-- About this exercise --
Nothing in the records below should be altered in the copy, although the pictures must be left out.

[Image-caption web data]
BEGIN

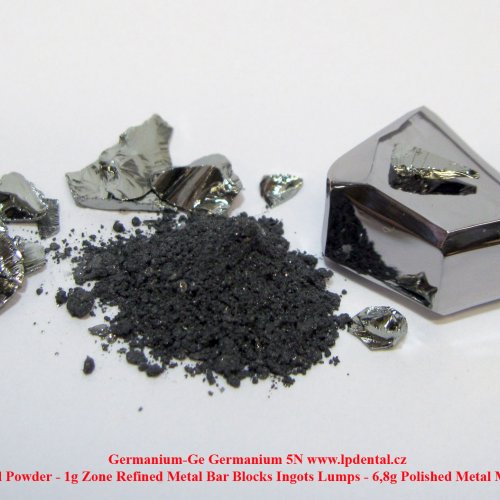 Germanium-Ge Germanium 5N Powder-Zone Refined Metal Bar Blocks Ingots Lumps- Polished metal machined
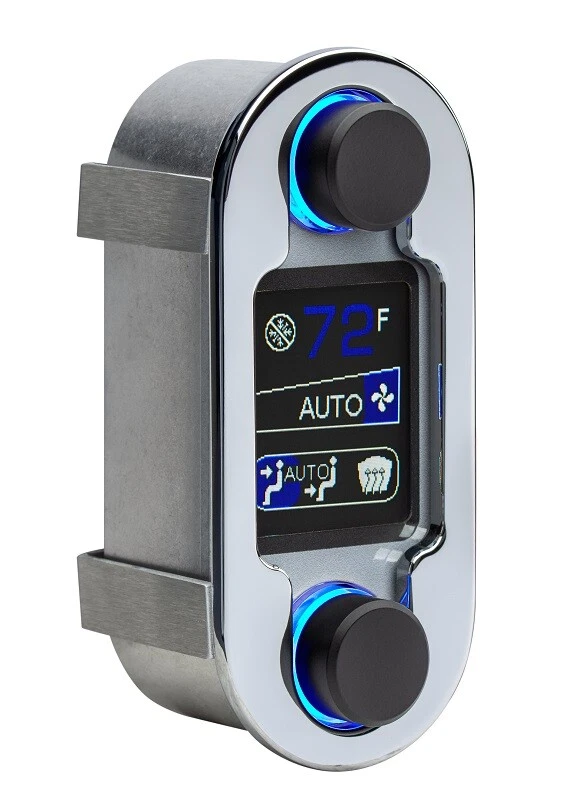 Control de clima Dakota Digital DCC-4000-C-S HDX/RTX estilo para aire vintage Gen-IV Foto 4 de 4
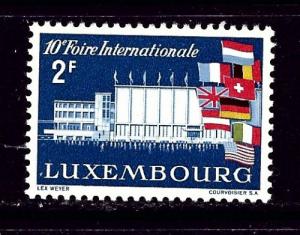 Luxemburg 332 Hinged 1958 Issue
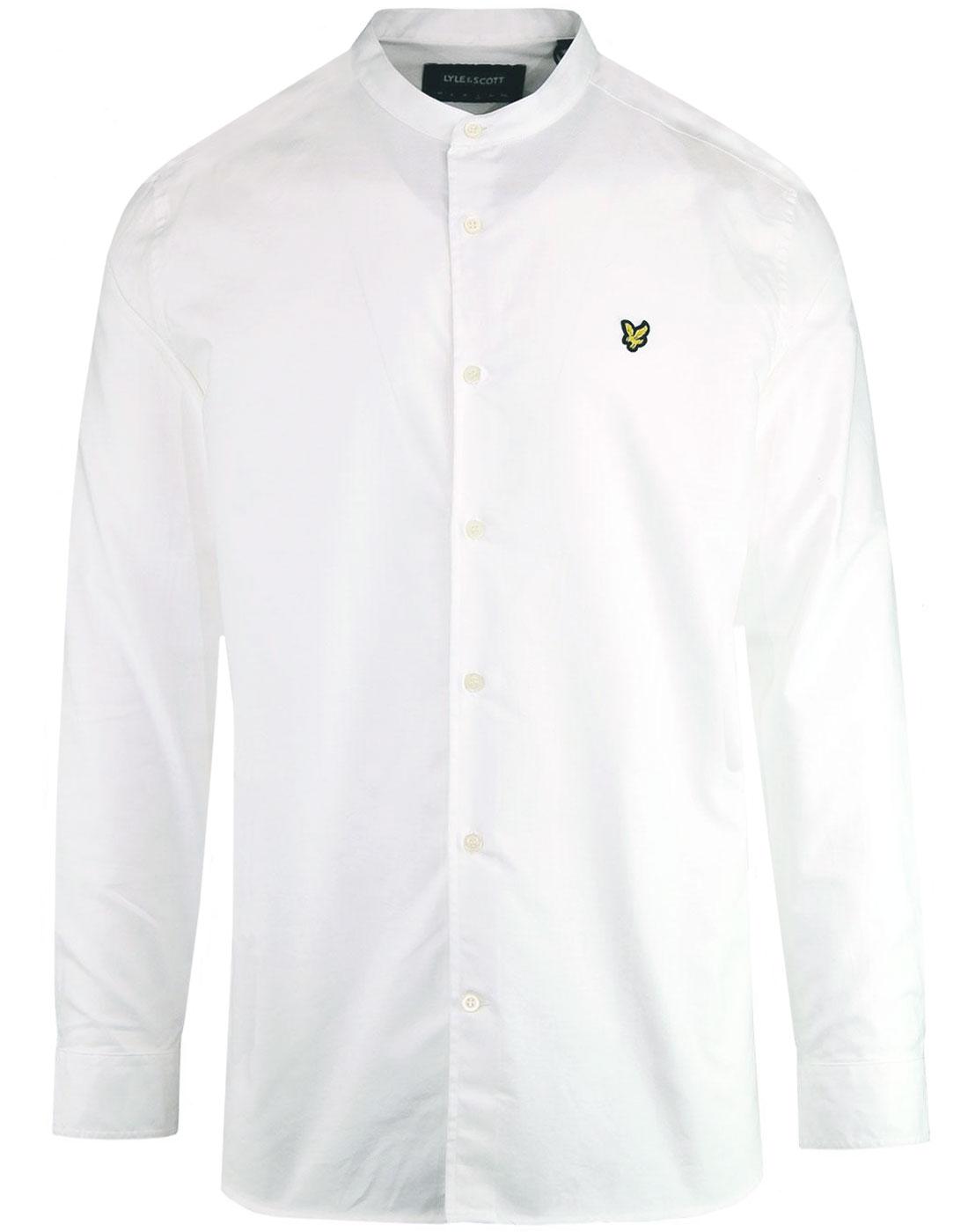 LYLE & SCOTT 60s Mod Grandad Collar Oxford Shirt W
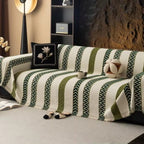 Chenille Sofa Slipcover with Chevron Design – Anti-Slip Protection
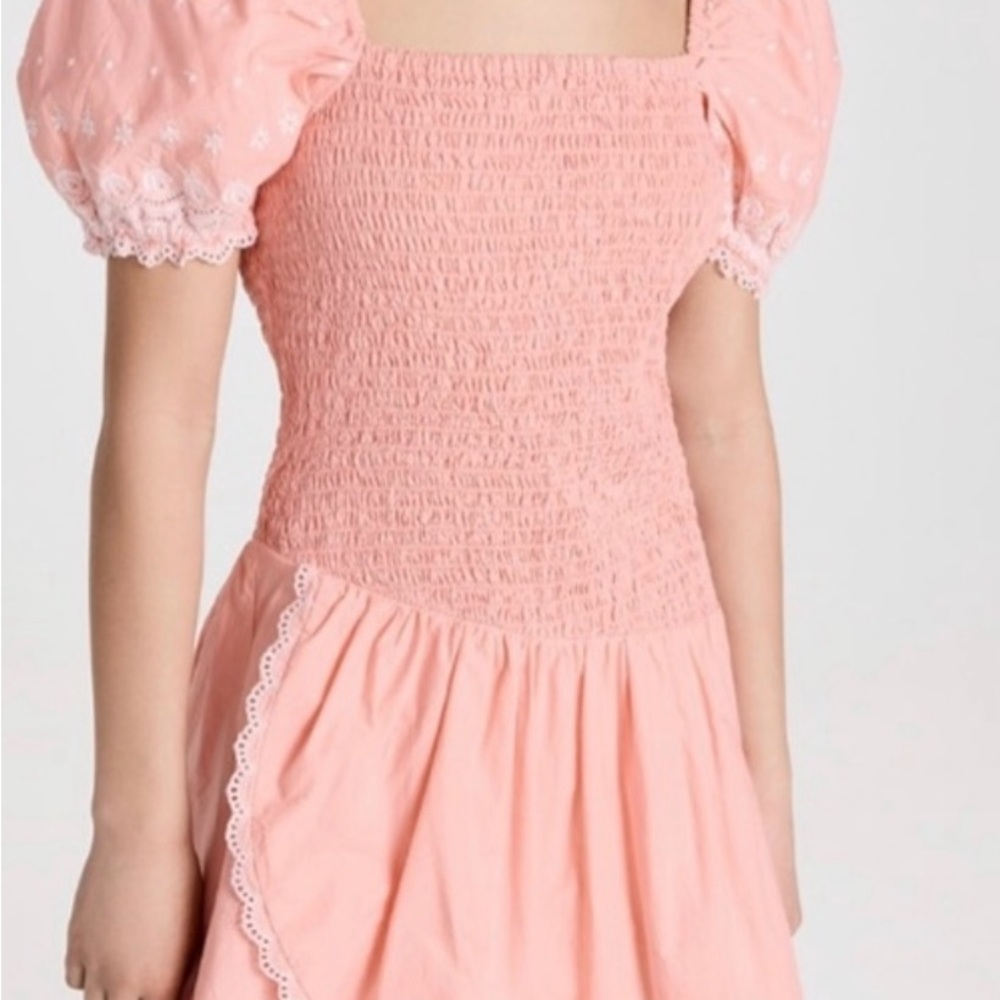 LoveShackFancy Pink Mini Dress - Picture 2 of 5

END

-- The answer --
 Germanium-Ge Germanium 5N Powder-Zone Refined Metal Bar Blocks Ingots Lumps- Polished metal machined
 Control de clima Dakota Digital DCC-4000-C-S HDX/RTX estilo para aire vintage Gen-IV Foto 4 de 4
 Luxemburg 332 Hinged 1958 Issue
 LYLE & SCOTT 60s Mod Grandad Collar Oxford Shirt W
 Chenille Sofa Slipcover with Chevron Design – Anti-Slip Protection
 LoveShackFancy Pink Mini Dress - Picture 2 of 5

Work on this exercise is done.